The win wouldn’t have been possible, Shane said, if he and Houston Shine didn’t have a long-term partnership. The arena lights were turned off, and four spotlights lit horse and rider for their routine.
“There are times when you look up to go run down, and the walls are black,” he said. “They trust you. It’s amazing these horses do what they do.”
Third-place finisher Heather Johnson of Ringgold, Georgia, agreed. Riding her homebred sorrel stallion Doublenotyourreeboks, Heather roused the crowd early in the evening with her hand claps and the horse’s blazing spins to “Dynamite.” She also wore sunglasses, in part for her costume and in part for the glare.
“It actually helped a little bit,” she said. “With the spotlights on, (the horses) really do have to trust you. It’s nice that when you practice here, they let you use the spotlights. I’ve been in events where they turn them on as you’re walking in for the performance. Sometimes it works and sometimes the horse runs away from them. They made a real effort to have the lighting here exactly as it was going to be tonight, and that makes a big difference.”
AQHA Professional Horseman Pete Kyle finished second on Whizs Bronze Star to Toby Keith’s song “Good to Go to Mexico.” He had nothing but praise for the Kentucky facility and the event that took place in conjunction with the Rolex Kentucky Three-Day Event, the premier hunter trial in the United States.
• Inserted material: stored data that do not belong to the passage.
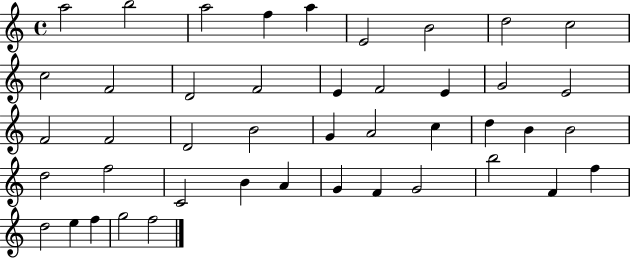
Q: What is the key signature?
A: C major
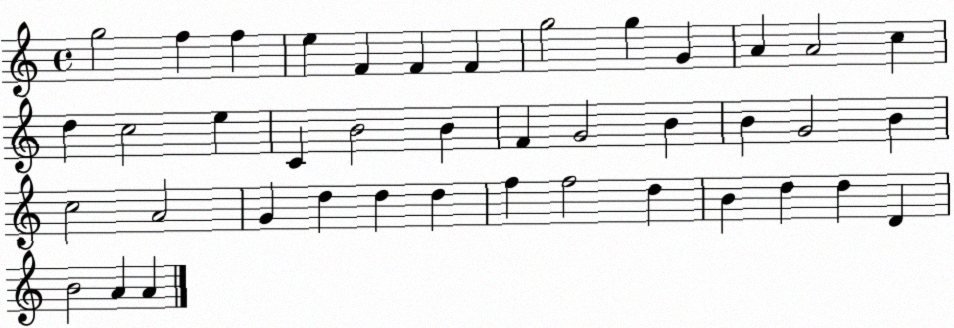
X:1
T:Untitled
M:4/4
L:1/4
K:C
g2 f f e F F F g2 g G A A2 c d c2 e C B2 B F G2 B B G2 B c2 A2 G d d d f f2 d B d d D B2 A A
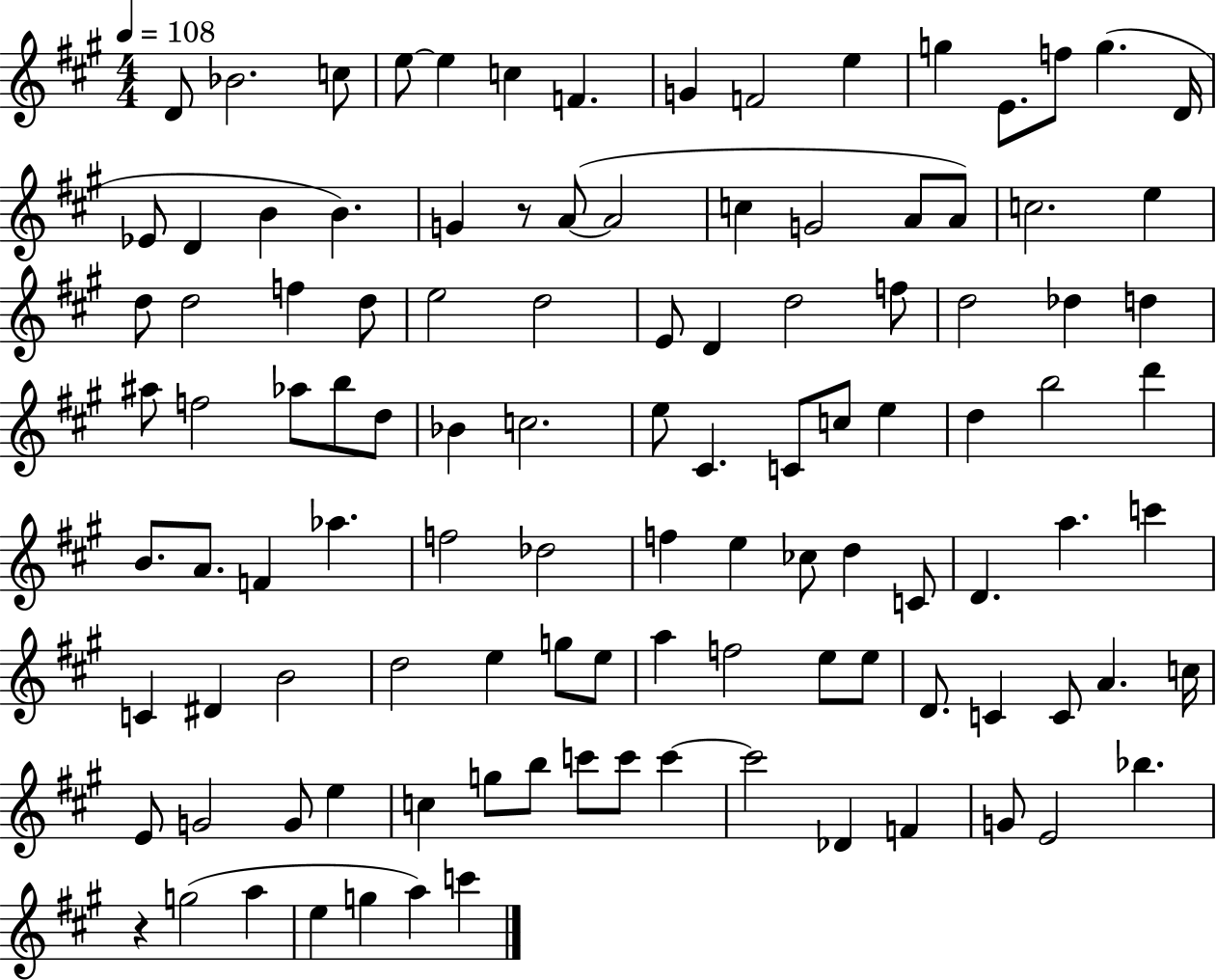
X:1
T:Untitled
M:4/4
L:1/4
K:A
D/2 _B2 c/2 e/2 e c F G F2 e g E/2 f/2 g D/4 _E/2 D B B G z/2 A/2 A2 c G2 A/2 A/2 c2 e d/2 d2 f d/2 e2 d2 E/2 D d2 f/2 d2 _d d ^a/2 f2 _a/2 b/2 d/2 _B c2 e/2 ^C C/2 c/2 e d b2 d' B/2 A/2 F _a f2 _d2 f e _c/2 d C/2 D a c' C ^D B2 d2 e g/2 e/2 a f2 e/2 e/2 D/2 C C/2 A c/4 E/2 G2 G/2 e c g/2 b/2 c'/2 c'/2 c' c'2 _D F G/2 E2 _b z g2 a e g a c'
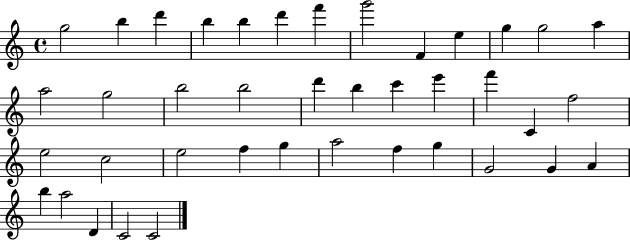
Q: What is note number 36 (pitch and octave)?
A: B5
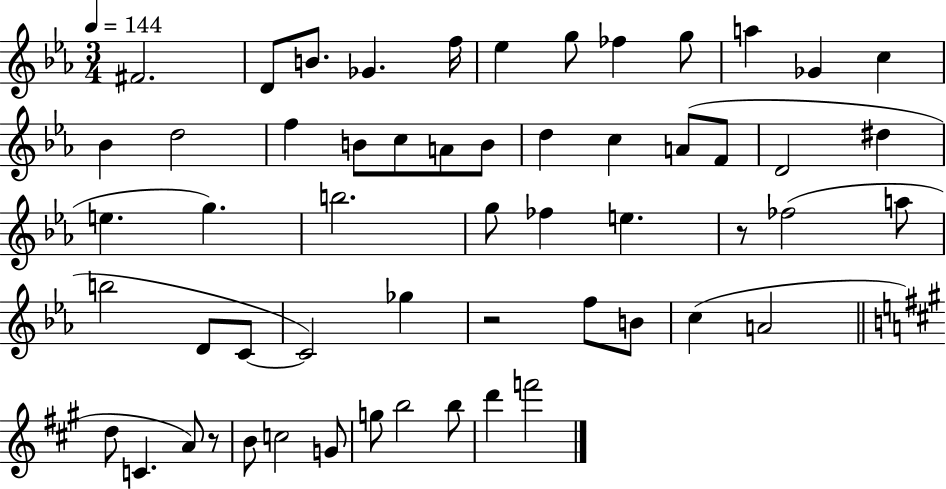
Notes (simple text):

F#4/h. D4/e B4/e. Gb4/q. F5/s Eb5/q G5/e FES5/q G5/e A5/q Gb4/q C5/q Bb4/q D5/h F5/q B4/e C5/e A4/e B4/e D5/q C5/q A4/e F4/e D4/h D#5/q E5/q. G5/q. B5/h. G5/e FES5/q E5/q. R/e FES5/h A5/e B5/h D4/e C4/e C4/h Gb5/q R/h F5/e B4/e C5/q A4/h D5/e C4/q. A4/e R/e B4/e C5/h G4/e G5/e B5/h B5/e D6/q F6/h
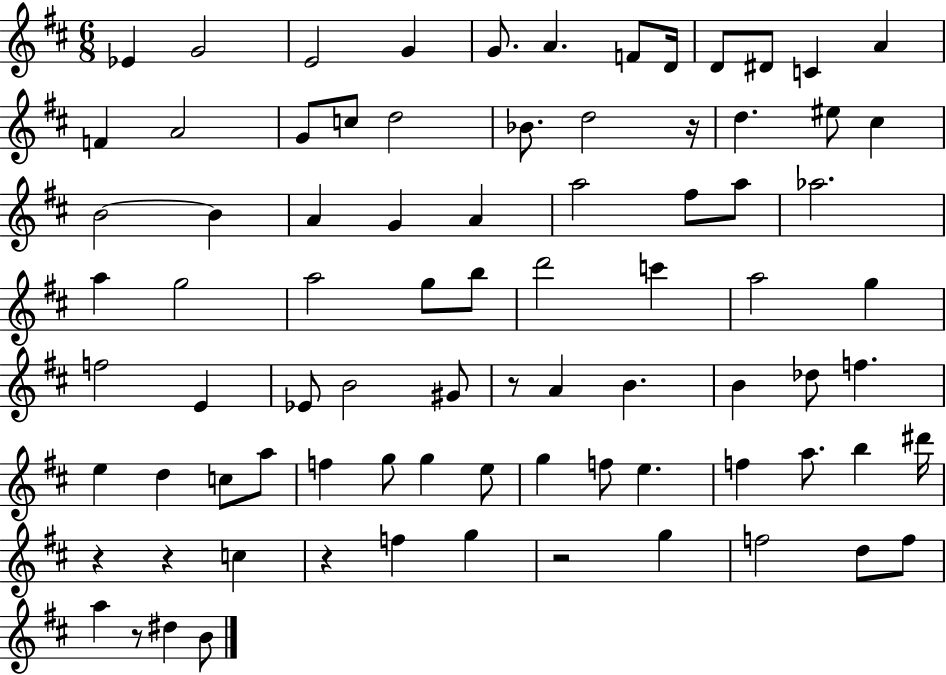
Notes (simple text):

Eb4/q G4/h E4/h G4/q G4/e. A4/q. F4/e D4/s D4/e D#4/e C4/q A4/q F4/q A4/h G4/e C5/e D5/h Bb4/e. D5/h R/s D5/q. EIS5/e C#5/q B4/h B4/q A4/q G4/q A4/q A5/h F#5/e A5/e Ab5/h. A5/q G5/h A5/h G5/e B5/e D6/h C6/q A5/h G5/q F5/h E4/q Eb4/e B4/h G#4/e R/e A4/q B4/q. B4/q Db5/e F5/q. E5/q D5/q C5/e A5/e F5/q G5/e G5/q E5/e G5/q F5/e E5/q. F5/q A5/e. B5/q D#6/s R/q R/q C5/q R/q F5/q G5/q R/h G5/q F5/h D5/e F5/e A5/q R/e D#5/q B4/e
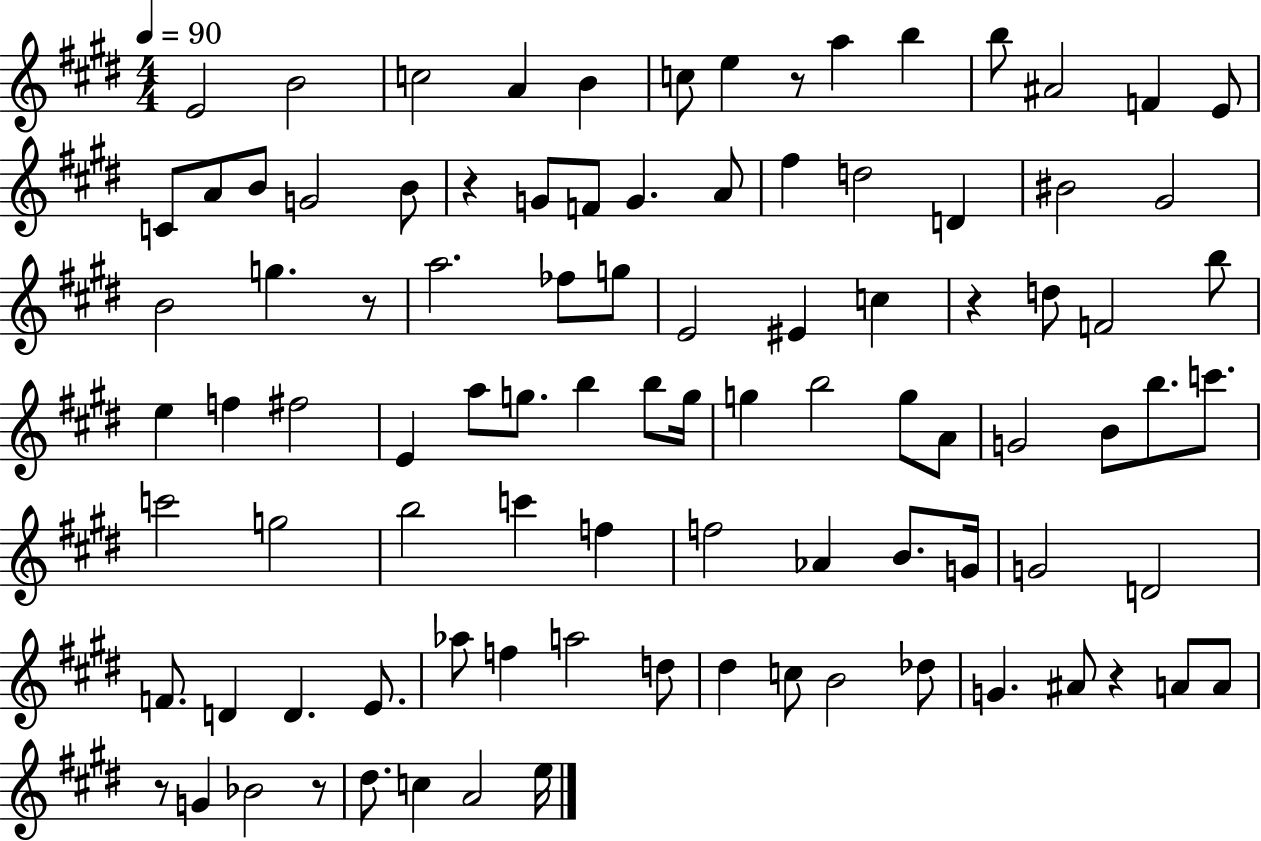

“It was really fun to be able to go out on that cross-country course today and gain a whole new perspective,” Pete said. “That’s some scary stuff out there, and they show no fear. And they’re great horsemen and do a great job with their horses, preparing them and physically having them fit to do that kind of course. When we come as horsemen and we talk with these other horsemen from other disciplines and we all learn from it.”
Four eventers – Hamish Cargill of Australia, and Gina Myles and David and Karen O’Connor of the United States – rode reiners and collected score sheets.
David, the United States Equestrian Federation president, picked up his first reining check by finishing sixth.
“We all had a short time (to prepare), but we have to thank Pete for preparing the horses for us, because if you sit on a Pete Kyle horse, you just have to hang on and not get in the way,” David said.
On Paid By Corona, owned by the Roper family of Hobart, Indiana, David felt bold enough at the end of his ride to take his horse’s bridle off and try a little bridleless spin. He grinned happily through the whole thing.
“I’m big into the cheering,” he said. “This is a spectator-friendly sport. They understand it; they’re passionate about it, and we’ve got to – in our sports, we’ve got to be more willing to go there and really get the crowd involved in what we do. So I think that’s a lesson for all of us, because it’s a blast to come.”